Something I take very seriously is the platform I have been given to help people. I am very blessed to have contact with thousands of people every week through my newsletter and blog as I try to help them improve their riding and their lives in some small way.
As part of respecting this platform I don’t talk about a lot of things that don’t relate to training or riding.
But every once in a while I feel that there is something outside of those two things that are worth using my platform to help bring attention to.
A little over a year ago I was made aware of Justin Wren and his Fight for the Forgotten foundation while listening to the Joe Rogan Experience podcast. While I never expected it, it turned into one of those moments that changed my view of life as I listened to him explain the world’s water crisis and the particular one he was helping with in the Congo.
Hearing how many thousands of people die each year from not having clean drinking water was bad enough but listening to Justin talk about his personal experience of having to help bury a 4 year old kid he knew because he got sick from dirty water really hit home.
As a father of two kids – with one of them 3 years old at the time – I couldn’t imagine seeing them sick and dying from something as simple as not having access to clean water.
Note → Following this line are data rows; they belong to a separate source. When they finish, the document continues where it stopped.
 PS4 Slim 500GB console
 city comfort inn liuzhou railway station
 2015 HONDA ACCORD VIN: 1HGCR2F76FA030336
Now, to be honest, while I was really sad to hear about it I also became a little cynical as well. I’d seen too many commercials with sad stories and they always ended with an ask for donations with no real solution to the problem being given.
But was something different with Justin and what he was saying.
He had hard numbers – on average, $3000 could drill a well and change 175 lives. Plus, they were looking to train the locals so they could do it themselves and give them a source of income instead of just doing it for them and leaving.
It just seemed too simple…in a world with huge, open ended problems that just devour money here was a relatively finite, doable thing that could change countless lives for the better.
So I decided to start supporting Fight for the Forgotten and the organization that helps them, Water 4. While I’ve never said anything about it before, a portion of every dollar spent with me goes to them and with your help I’ve been able to donate enough to build a well or two and help change some lives.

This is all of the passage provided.